We use monolingual knowledge distillation: train an AT teacher on bilingual data, then distill on monolingual source (→KDM) and/or target (←KDM, via backward teacher). NAT is trained on the distilled mono data; combining forward + reverse gives bidirectional monolingual KD (←→KDM), which improves low-frequency word translation.
Setup
git clone https://github.com/alphadl/RLFW-NAT.mono.git
cd RLFW-NAT.mono
pip install -e fairseq_mask/ -e fairseq_lev/
Data
You need binarized data produced by monolingual KD (and optionally standard KD). Pipeline:
- Train an AT teacher on the bilingual parallel data.
- Forward mono KD (→KDM): Use source-side monolingual data; decode with the (forward) AT teacher to get synthetic targets; this gives (mono_src, pseudo_tgt).
- Reverse mono KD (←KDM): Train a backward AT teacher (tgt→src); use target-side monolingual data and decode to get (pseudo_src, mono_tgt).
- Optionally concatenate →KDM and ←KDM for bidirectional mono KD (←→KDM), and/or mix with standard KD data (→KDB).
- Run fairseq preprocess on the resulting parallel data to get a databin directory.

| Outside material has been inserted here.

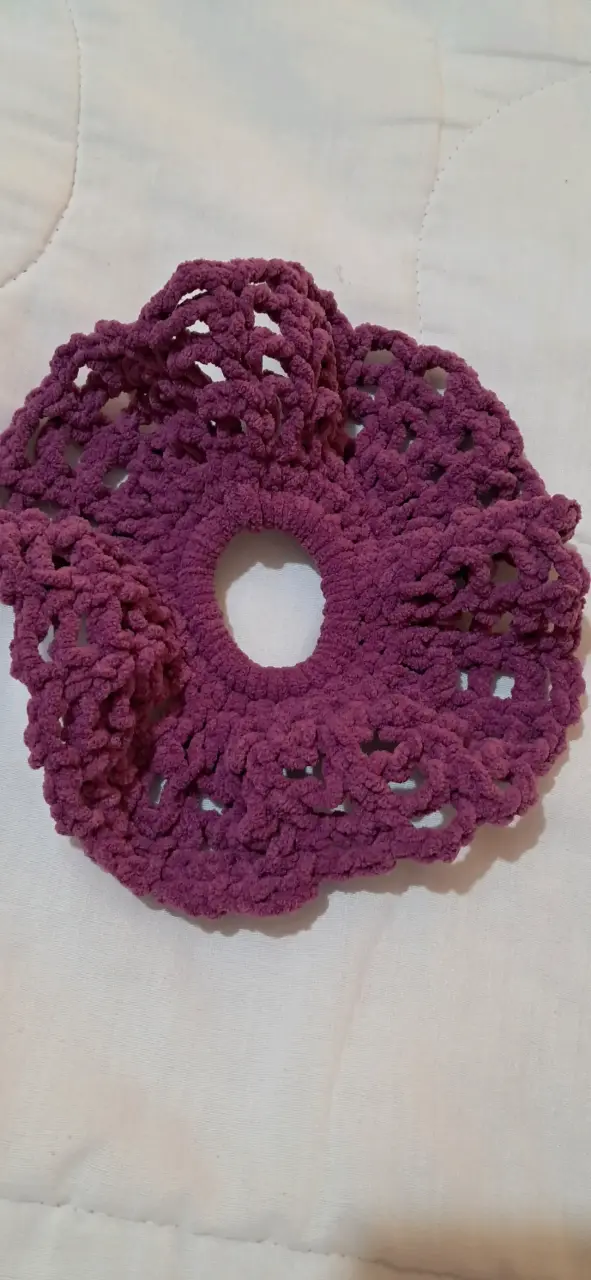 Colección de moños tejidos a crochet en colores vibrantes - 5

Put the databin path in DATA when training/evaluating (see below).
Training
Mask-Predict (CMLM):
SRC=en TGT=de DATA=/path/to/databin SAVE_DIR=./checkpoint/ende/mask_mono bash train_mask.sh
Levenshtein:
SRC=en TGT=de DATA=/path/to/databin SAVE_DIR=./checkpoint/ende/lev_mono bash train_lev.sh
Best checkpoint: SAVE_DIR/checkpoint_best.pt. For small data (e.g. En-Ro), see the commented options in the scripts (e.g. higher dropout, fewer updates).
Eval & Test
Validation / test decoding:
DATA=/path/to/databin CHECKPOINT=./checkpoint/ende/mask_mono SUBSET=valid bash eval_mask.sh
DATA=/path/to/databin CHECKPOINT=./checkpoint/ende/mask_mono SUBSET=test bash eval_mask.sh
Hypotheses are written to CHECKPOINT/gen/<SUBSET>.hyp. For Levenshtein, use eval_lev.sh.
Test + BLEU:
DATA=/path/to/databin CHECKPOINT=./checkpoint/ende/mask_mono REF=/path/to/test.de bash test_mask.sh
Pretrained models
| Dataset | Dict | Model |
|---|---|---|
| WMT16 En-Ro | dict (.zip) | model (.zip) |
Citation
@inproceedings{ding2022redistributing,
title = {Redistributing Low-Frequency Words: Making the Most of Monolingual Data in Non-Autoregressive Translation},
author = {Ding, Liang and Wang, Longyue and Liu, Xuebo and Wong, Derek F. and Tao, Dacheng and Tu, Zhaopeng},
booktitle = {ACL},
year = {2022}
}
License
CC-BY-NC 4.0 (applies to code and pre-trained models).